Investigada una pareja de septuagenarios de la Axarquía por comprar un bebé por 100.000 euros

Investigada una pareja de septuagenarios de la Axarquía por comprar un bebé por 100.000 euros



Un matrimonio de septuagenarios de la Axarquía es investigado y otras dos personas han sido detenidas por la supuesta compra de un niño que ahora tiene ocho meses. La madre biológica es una mujer de nacionalidad rusa de unos 30 años. El matrimonio, sin hijos, ha reconocido ante la Policía Nacional adscrita a la Junta de Andalucía, encargada de las pesquisas, que supuestamente pagó para reconocer al niño porque quería un heredero para sus bienes. La investigación ha determinado que la pareja ha abonado algo más de 100.000 euros en todo el proceso. Los dos arrestados, acusados de actuar como intermediarios, son un abogado y una mujer que ejerció como intérprete.

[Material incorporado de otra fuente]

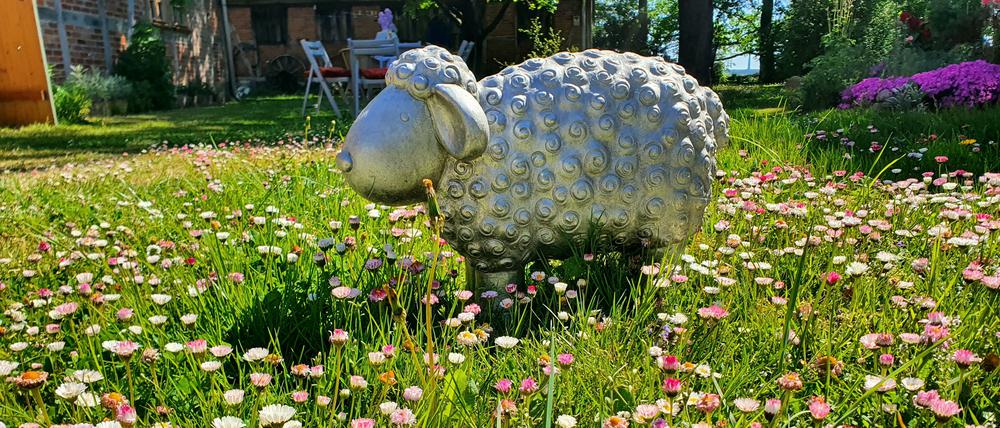 Da steht ein Schaf auf dem Hof: Neulingen im Frühling.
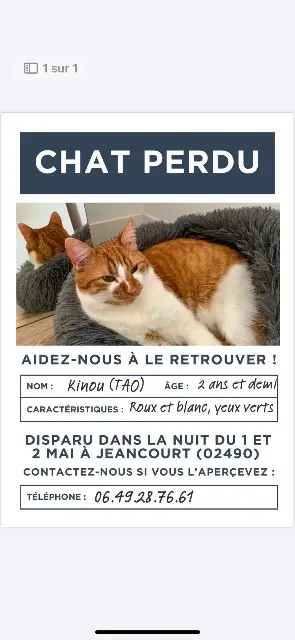 chat lost   02490 Jeancourt Kinou (tao)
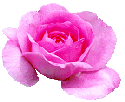 Rozen Plaatjes 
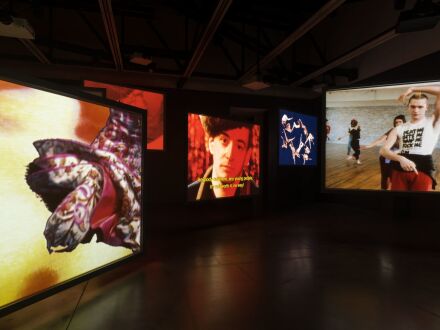 Charles Atlas, A Prune Twin (Installation View), via Luhring Augustine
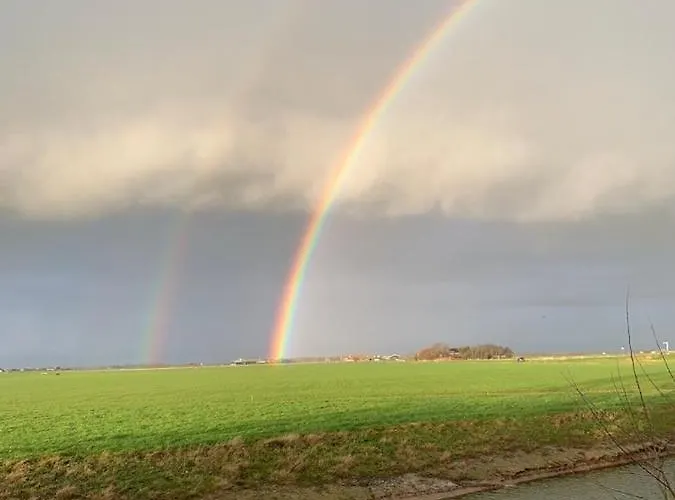Guest With Terrace At The Wadden Sea Konukevi Oosterend (Texel)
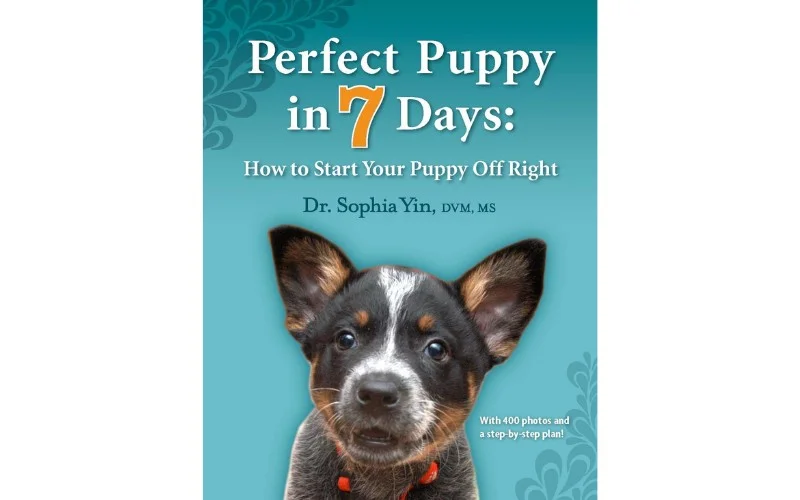 Perfect Puppy in 7 Days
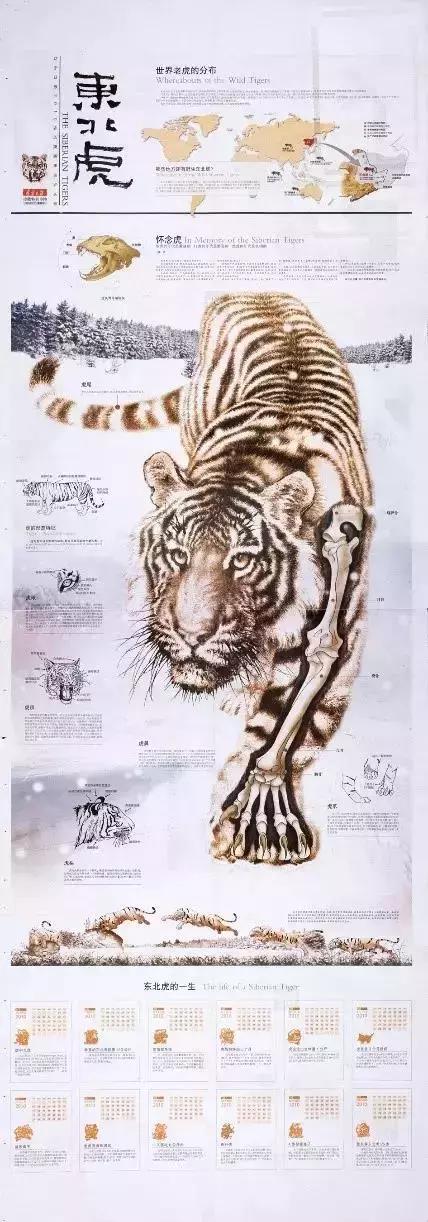 太美了吧,清华美院高材生设计中国日报封面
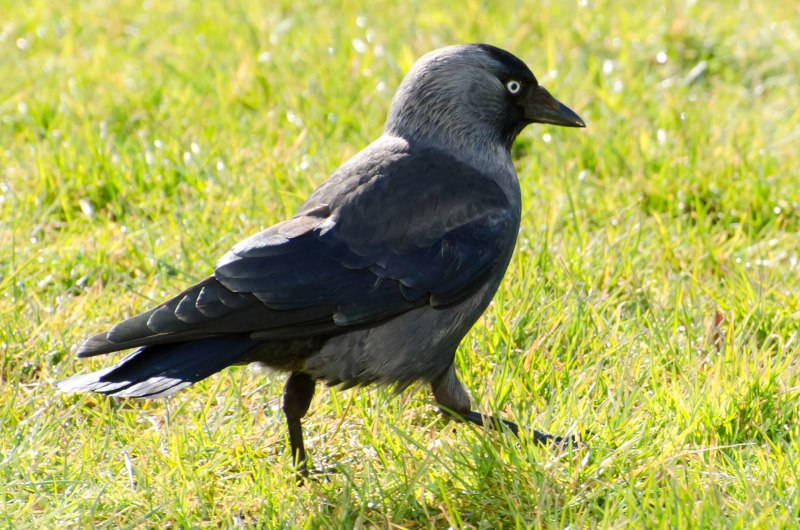 Галка обыкновенная ‒ Corvus monedula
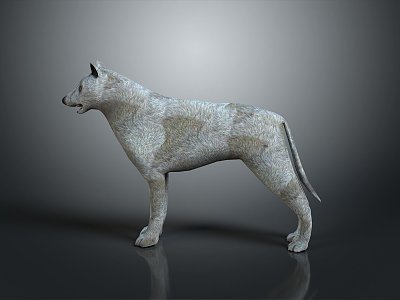 Wolf Cartoon Wolf Animation Wolf Animation Wolf Big Bad Wolf Warrior Cartoon Character Cartoon Animal 3d model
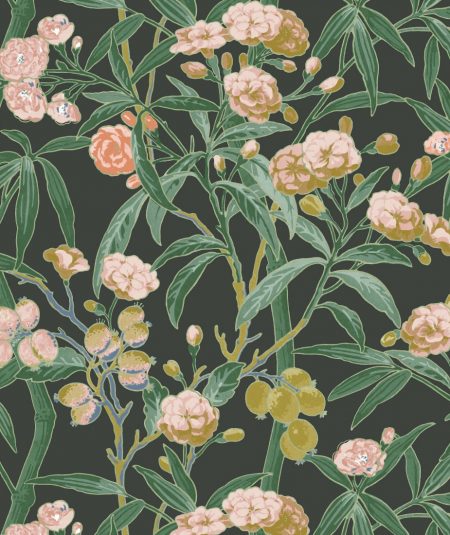 Casadeco Habana Vert Fonce wallpaper featuring tropical floral vines and lush green foliage on a dark background.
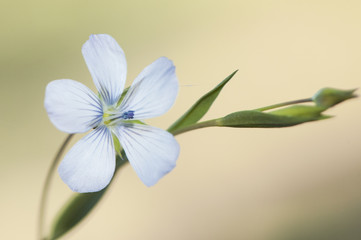 Linum bienne pale flax flower of delicate blue color elegant and small relative of the species used to obtain fiber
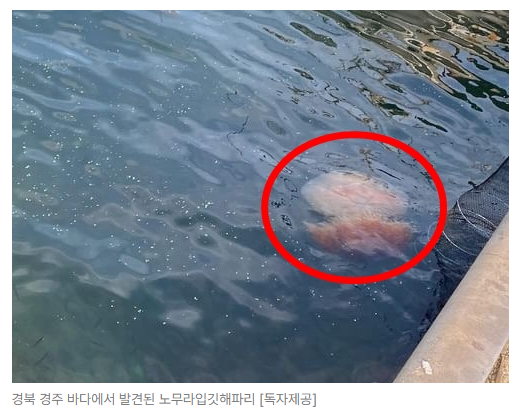 스크린샷 2026-07-07 090307.png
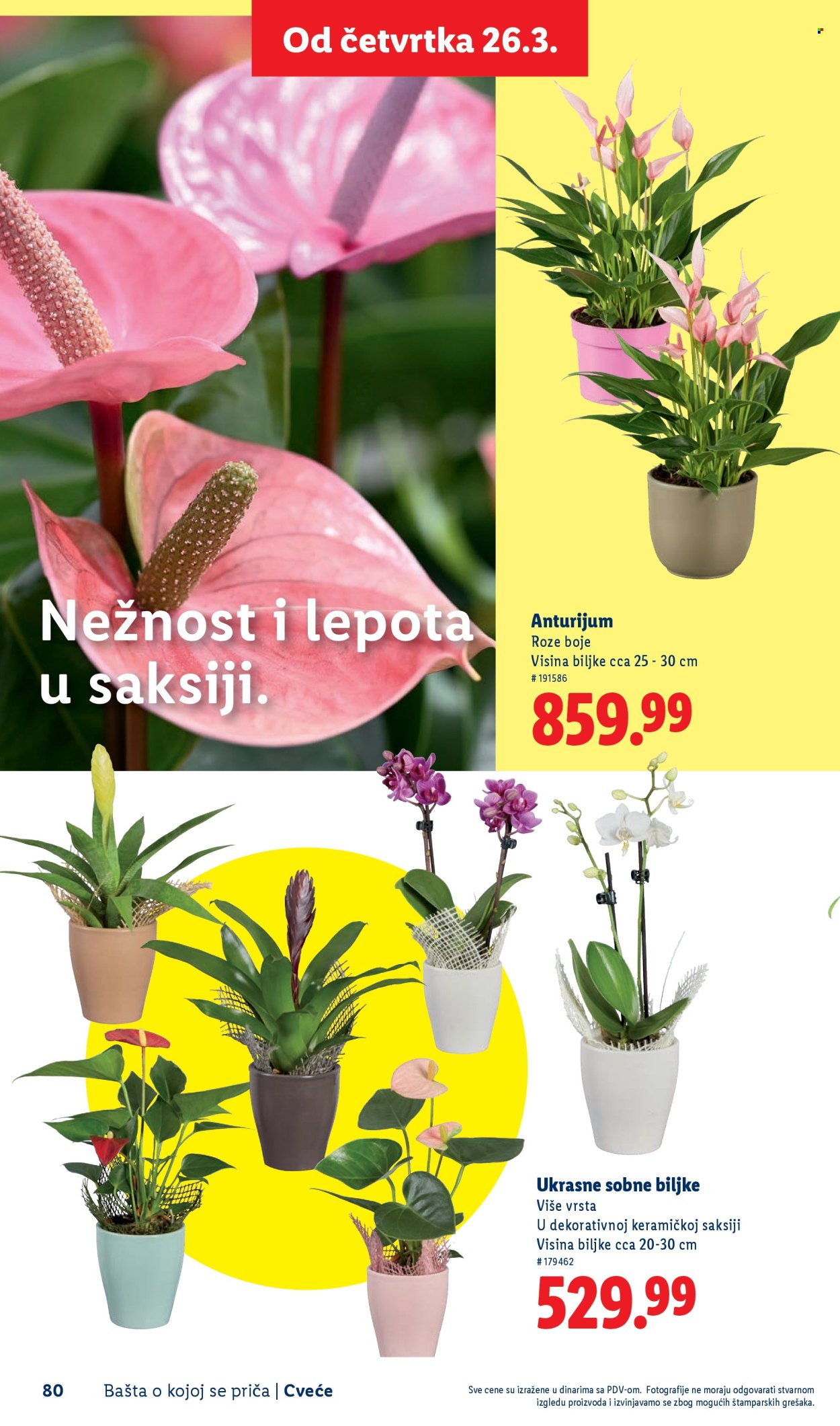 lidl - Lidl katalog mart 2026 - page: 80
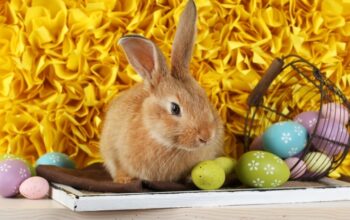 Cute red rabbit with Easter eggs on shelf on yellow fabric background
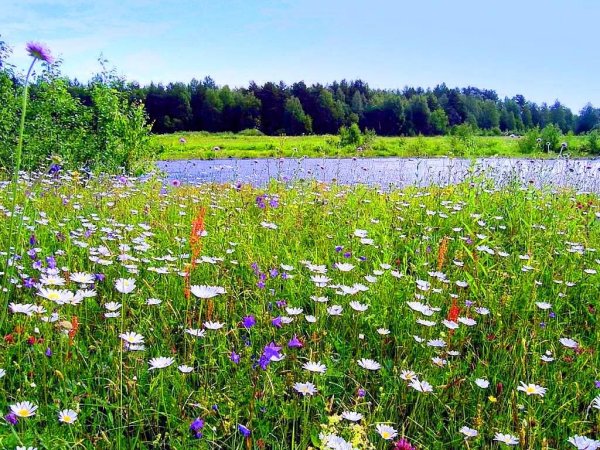 Лето июнь природа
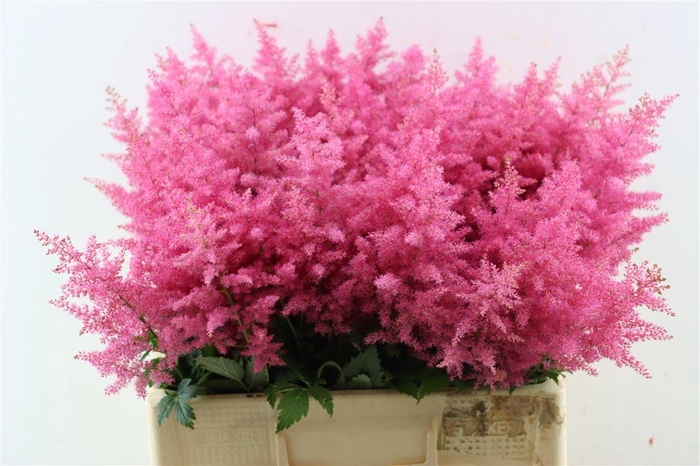 <h4>Astilbe Boogie Woogie</h4>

Han sido agentes del Área de Protección de Menores de la Unidad del Cuerpo Nacional de Policía Adscrita a la Comunidad Autónoma de Andalucía los que han detenido a estas cuatro personas por su presunta participación en un delito contra las relaciones familiares, consistente en la alteración de la paternidad del menor.

En nota que nos facilita Europa Press el delegado del Gobierno andaluz en Málaga, José Luis Ruiz Espejo, ha informado en rueda de prensa de que la investigación se inició a mediados de mayo de este año después de que el matrimonio llevara a una revisión médica al bebé de ocho meses, detectando los facultativos que podría tener una enfermedad congénita. Por ello, reclamaron la presencia de la madre biológica, sin que ésta llegara acudir tras alegar el matrimonio diferentes excusas.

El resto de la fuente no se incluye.